The EU-funded WideHealth project aims to conduct research on pervasive eHealth and establish a sustainable network of research and dissemination across Europe.
Title: Federated Learning for Activity Recognition: A System Level Perspective
Speaker: Borche Jovanovski, Ss. Cyril and Methodius University (UKIM)
When: May 9th, 2023, 16:00 CET (15:00 in Portugal)
Where: zoom link shared before the session to those who register (registration is free but mandatory)
Registration link: https://shre.ink/18thWideHealthSeminar
Abstract: The past decade has seen substantial growth in the prevalence and capabilities of wearable devices. For instance, recent human activity recognition (HAR) research has explored using wearable devices in applications such as remote monitoring of patients, detection of gait abnormalities, and cognitive disease identification. However, data collection poses a major challenge in developing HAR systems, especially because of the need to store data at a central location. This raises privacy concerns and makes continuous data collection difficult and expensive due to the high cost of transferring data from a user’s wearable device to a central repository. Considering this, we explore the adoption of federated learning (FL) as a potential solution to address the privacy and cost issues associated with data collection in HAR. More specifically, we investigate the performance and behavioral differences between FL and deep learning (DL) HAR models, under various conditions relevant to real-world deployments. Namely, we explore the differences between the two types of models when (i) using data from different sensor placements, (ii) having access to users with data from heterogeneous sensor placements, (iii) considering bandwidth efficiency, and (iv) dealing with data with incorrect labels. Our results show that FL models suffer from a consistent performance deficit in comparison to their DL counterparts, but achieve these results with much better bandwidth efficiency. Furthermore, we observe that FL models exhibit very similar responses to those of DL models when exposed to data from heterogeneous sensor placements and are also more robust to data with incorrect labels.
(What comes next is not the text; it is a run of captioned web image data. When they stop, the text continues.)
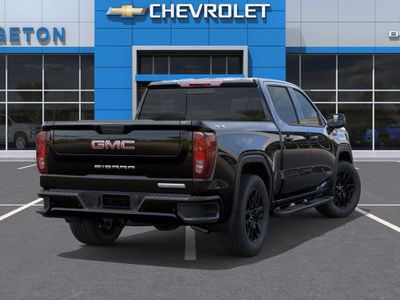 2026 GMC Sierra 1500 — interior view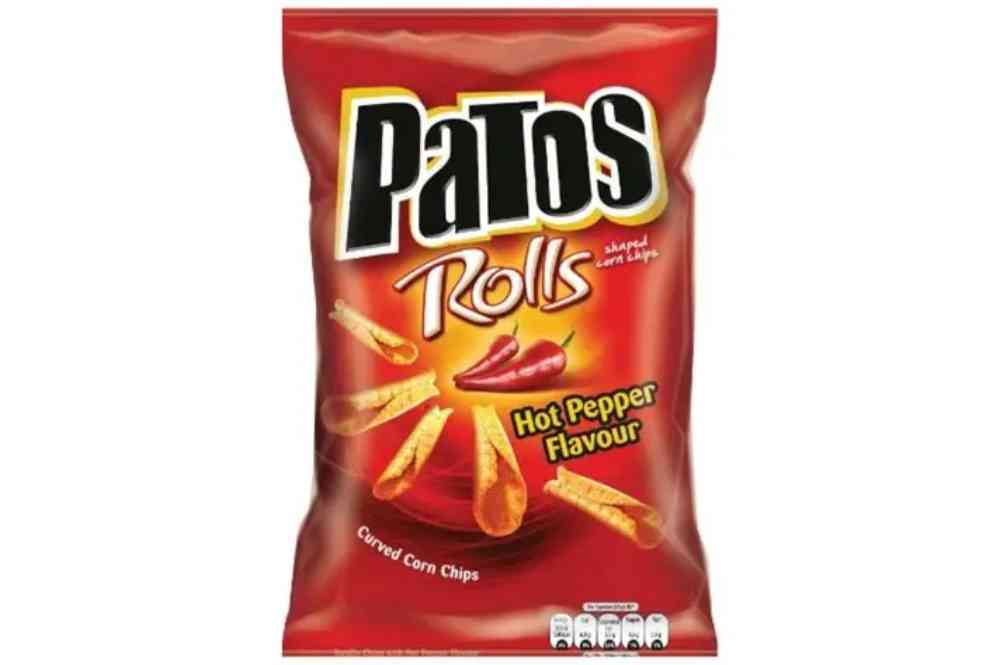 PATOS Rolls Hot Pepper 100g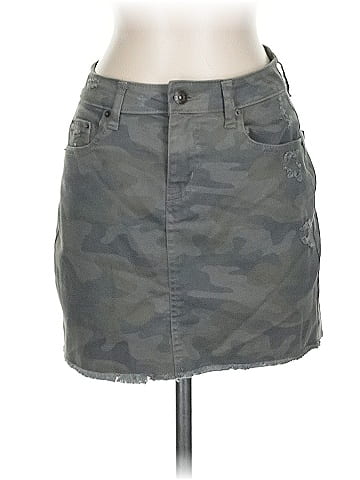 Vanilla Star Denim Skirt (view 1)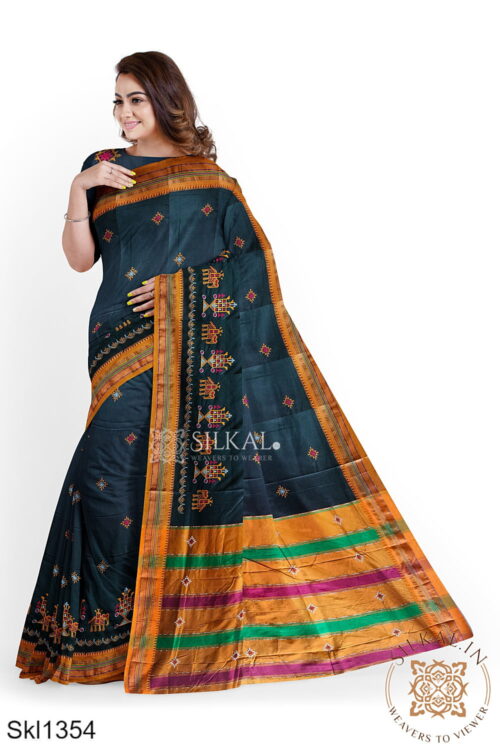 Ilkal Kasuti Sarees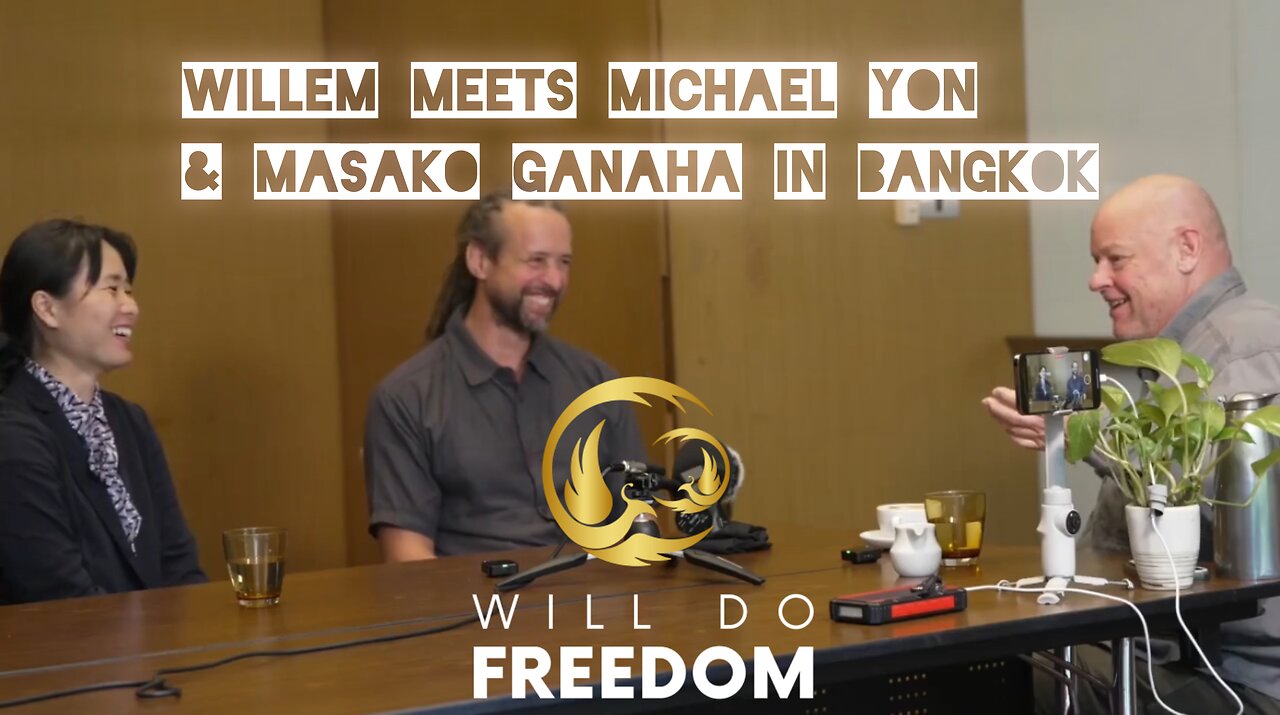 Willem Meets Masako & Michael in Bangkok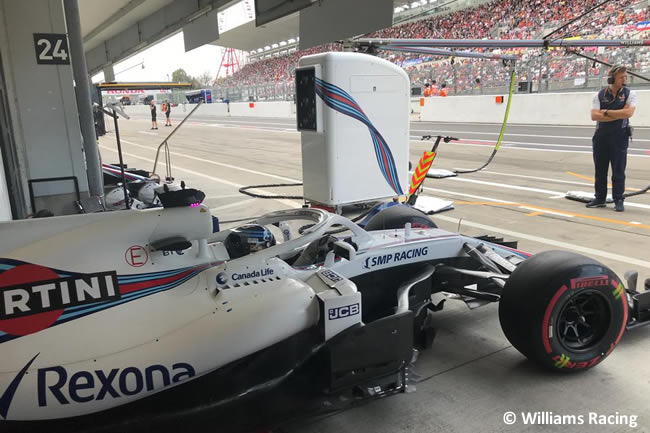 Lance Stroll - Williams - Clasificación - GP Japón 2018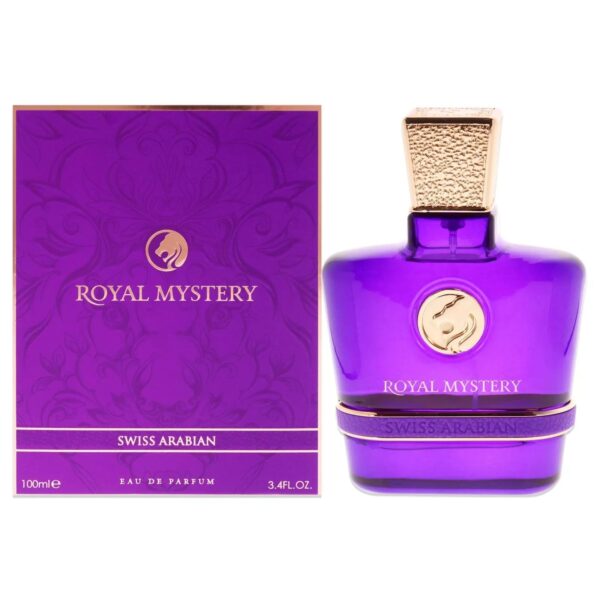 Swiss Arabian Royal Mystery Eau de Parfum for Women – 3.4 oz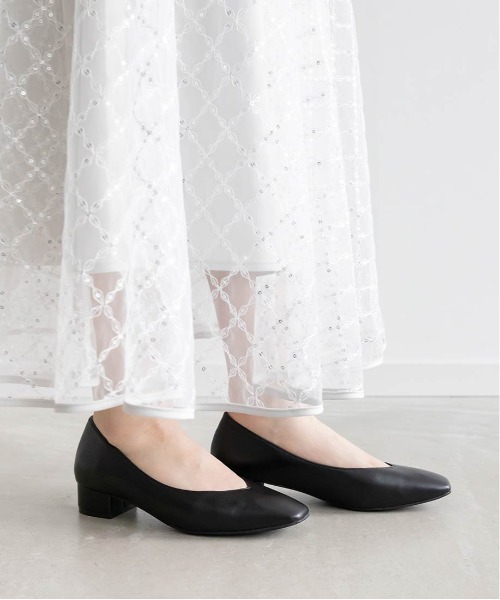 Vカットベーシックパンプス（パンプス）｜RANDA（ランダ）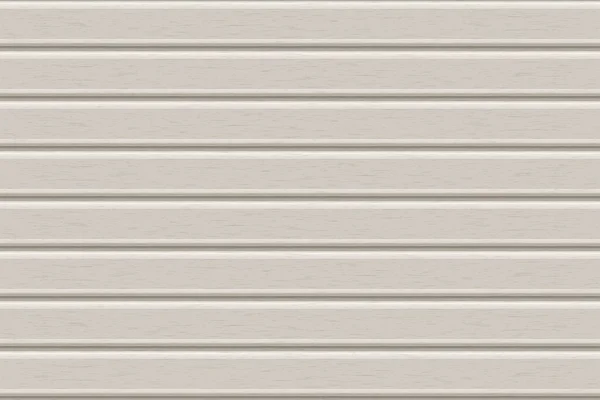 Light wooden, metal, or plastic seamless texturated siding pattern — Vettoriale Stock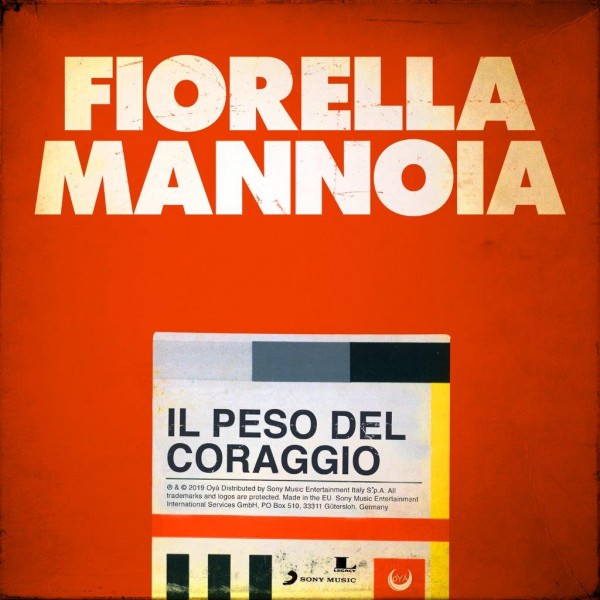 "Il Peso del Coraggio" il nuovo singolo per un nuovo album e nuovo tour nei teatri per Fiorella Mannoia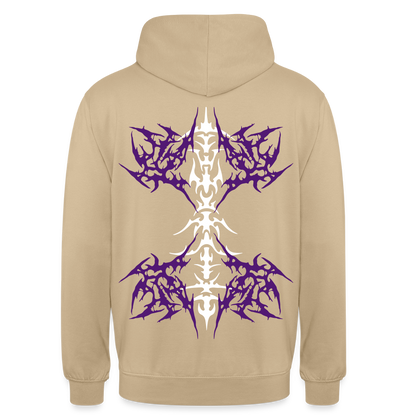 Underboob Tribals Oversized Unisex Hoodie - verschiedene Farben - Beige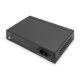 4. Digitus Gigabit Ethernet PoE Switch, 4 PoE ports + 1 uplink port, available PoE power: 60 W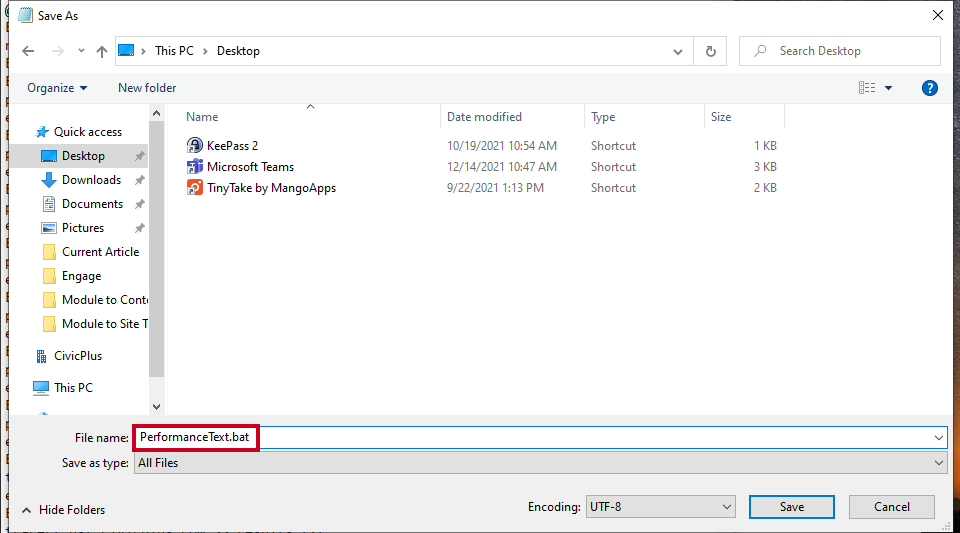 file name change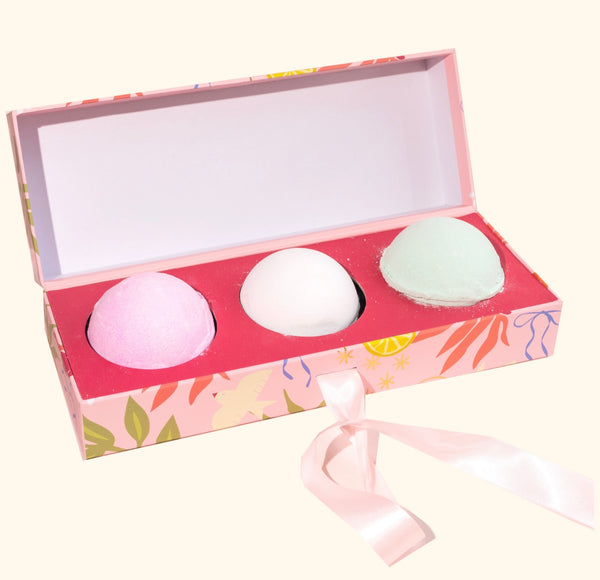 Whimsy Three Bath Balm Set
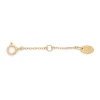 Delicate Chain Extender Gold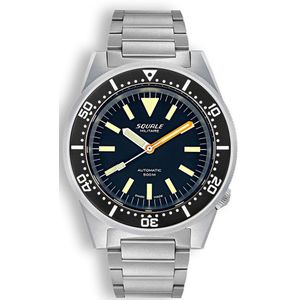 Squale - 1521MILBL.SQ20S - Polshorloge - Duikershorloge 50 ATM - Automatisch - 1521 MILITAIRE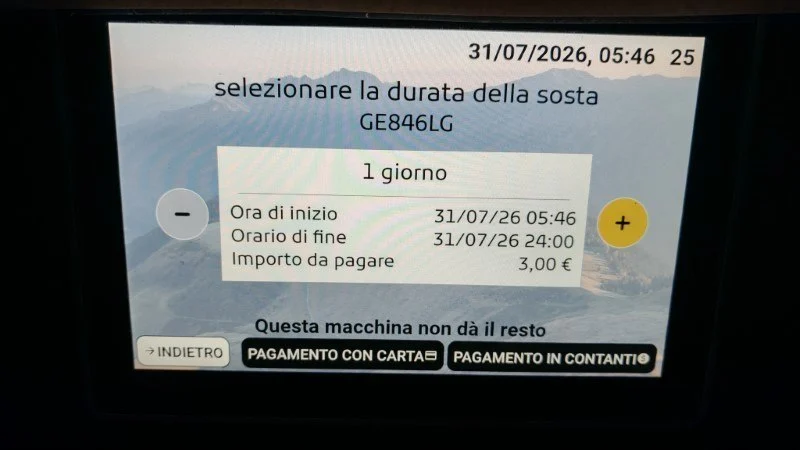 Monte Salmurano e Valletto dai Piani dell'Avaro – Parcheggio – foto 2
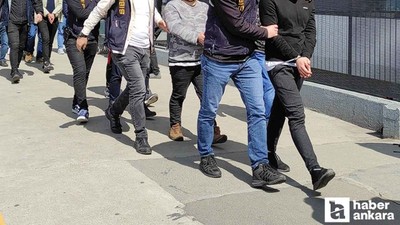 Ankara dahil 12 ilde dolandırıcı suç örgütlerine yönelik operasyon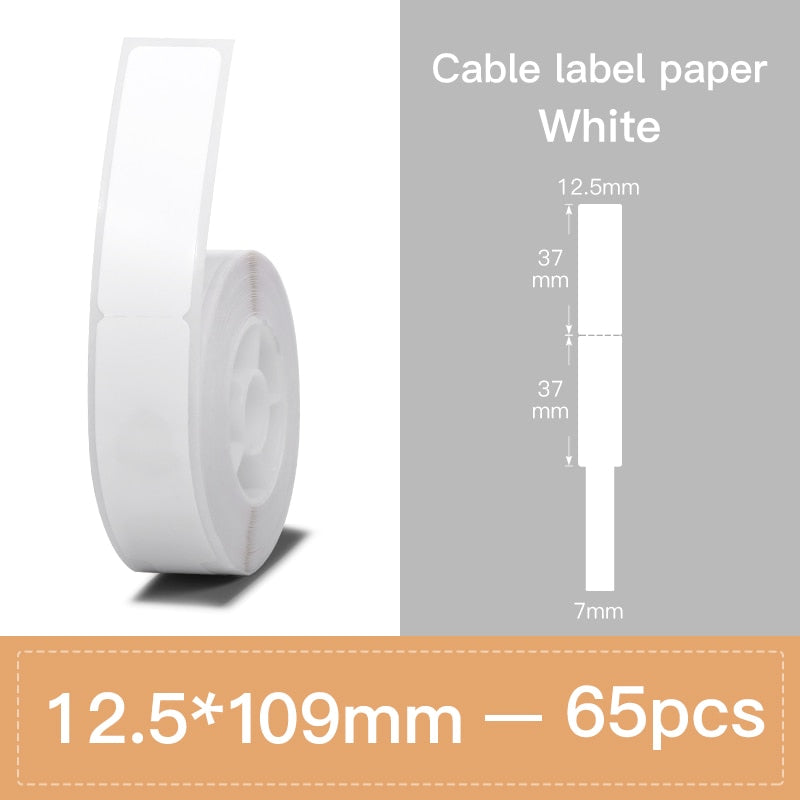 Niimbot Pocket Printer Labels Tape Printer Maker for Stickers D110 D11 D101 Labeling Self-adhesive Label Paper For Home Office - KiwisLove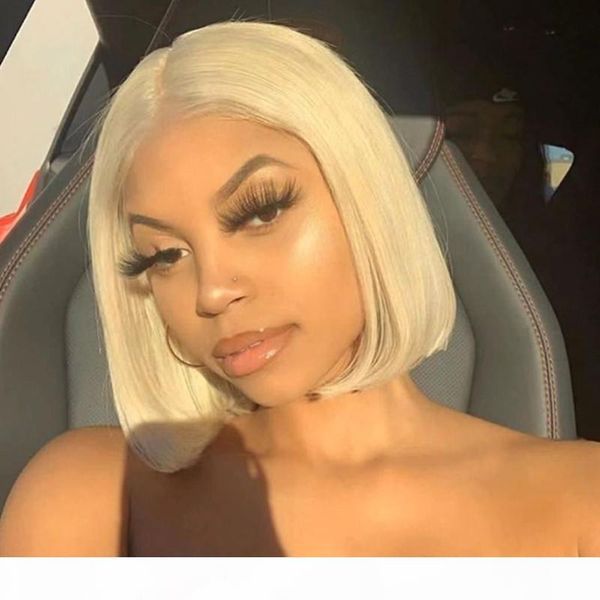 613 blonde lace wig blonde bob lace wig t style lace human hair wigs 130% 150% density 10 12 14 16inch, Black
613 blonde lace wig blonde bob lace wig t style lace human hair wigs 130% 150% density 10 12 14 16inch, Black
Short Bio: Borche Jovanovski received a BSc degree in electrical engineering and information technologies from the field of Telecommunications and M.Sc. degree in electrical and information technology from the field of wireless systems, services and applications, both from the Faculty of Electrical Engineering and Information Technologies (FEEIT), Ss. Cyril and Methodius University (UKIM) in Skopje, Macedonia in 2019 and 2021, respectively. He is currently working towards a Ph.D. degree in electrical engineering and information technologies at the same University, where he is a research associate and part of the Laboratory for Wireless and Mobile Networks. His research interests include areas of wireless networks, wireless communications, cloud computing, and recently application of machine learning and federated learning in different domains.